People who suffer cardiac arrests in cold conditions can sometimes survive for hours.
Photo by Fabrizio Conti on Unsplash

One of the most extreme recent examples of such an occurrence is the case of Audrey Mash, who suffered a cardiac arrest while hiking in the Pyrenees during a snowstorm. She survived for 6 hours with a stopped heart until Spanish doctors resuscitated her. Audrey’s body temperature dropped to around 17 degrees Celsius, which slowed the chemical reactions in her cells sufficiently to prevent her death. She also appeared to avoid any brain damage. There are also numerous examples of people ‘drowning’ in very cold waters, only to be revived hours later.

Why are these examples relevant to cryonics? What occurred by accident in these cases is essentially what cryonicists are attempting to do, but over a much larger timescale and with conditions that are currently considered irreversible. When Audrey Mash’s cold body arrived at the hospital, doctors had the medical knowledge and equipment necessary to revive her. Would Audrey have survived the same ordeal 500 years ago? It’s unlikely. Given another 500 years, we might be able to revive many people who would currently be considered dead. These examples show that cooling the body can extend the ‘revival window’ until that body can be brought to a hospital. Cryonicists want to extend the revival window until the body can be brought to the hospital of the year 2500 (though preferably sooner than that).

Cryopreservation before death:

The process of decomposition begins the moment the heart stops beating. In cells throughout the body, chemical reactions begin to expend the remains of the now limited oxygen supply, causing a build-up of carbon dioxide. This quickly kills neurons in the brain, and creates acidic conditions that destroy cellular membranes, releasing digestive enzymes that cause further damage.

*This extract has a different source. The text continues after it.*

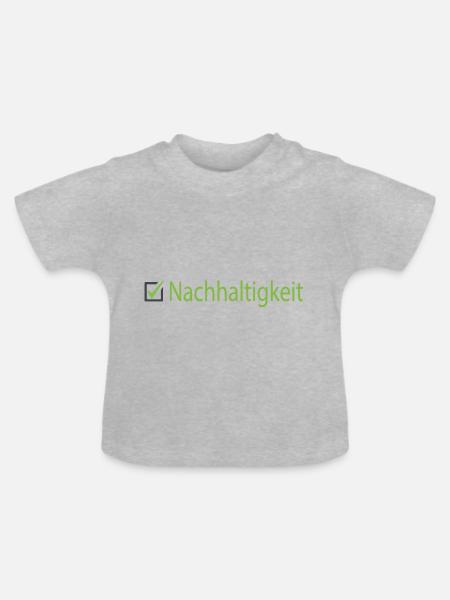 sostenibilidad - Økologisk T-shirt til baby, rund hals - grå meleret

All of the examples of cryopreservation given above involve the preservation of living tissue. Cryonics faces an additional challenge: it must not only preserve the entire organism with minimal damage, but must also reverse whatever killed the organism, as well as repairing any damage that was sustained between the organism’s death and its cryopreservation. Given the above, would getting cryopreserved before death increase one’s chances of being revived? Suppose someone is on their deathbed, and has already decided to be cryopreserved. Why not begin cooling them immediately to slow the chemical reactions in their cells, and then set about replacing their blood with vitrification chemicals? This way, scientists of the future need only figure out how to reverse the vitrification, following which the patient can be given a new body, have their mind uploaded to the cloud, or whatever form of immortality is available at the time.

Currently, a person needs to be declared legally dead before they can be cryopreserved, which usually involves irreversible cessation of heart rate, breathing and brain activity. Since hypothermia can suppress brain activity, patients usually need to be warm in order to be declared dead. Of course, there’s also the fact that a doctor deliberately inducing hypothermia and then draining someone of blood would in most legal systems be considered to have murdered their patient. For the above reasons, no one has ever been cryopreserved alive, at least to the best of our knowledge.

There is one path that could allow people to be cryopreserved alive, and that’s under the guise of euthanasia. The idea is that you would sign up for cryopreservation, then travel to a country where assisted dying is legal and get yourself ‘euthanised’ at a cryopreservation lab. Russian cryonics company KrioRus (which we discussed in our article summarising the main cryonics companies) previously stated its ambition to set up such a centre in Switzerland, though I wasn’t able to find any information on whether any progress has been made towards that goal, or what legal hurdles would need to be overcome.

People with little knowledge of the science behind cryonics are often quick to dismiss it as hopelessly unrealistic or even as a scam. I hope that this article has convinced you that even if the ability to revive the dead is still a very long way off, there is plenty of real science behind the cryonics industry, some of which will have important medical applications in the not-too-distant future.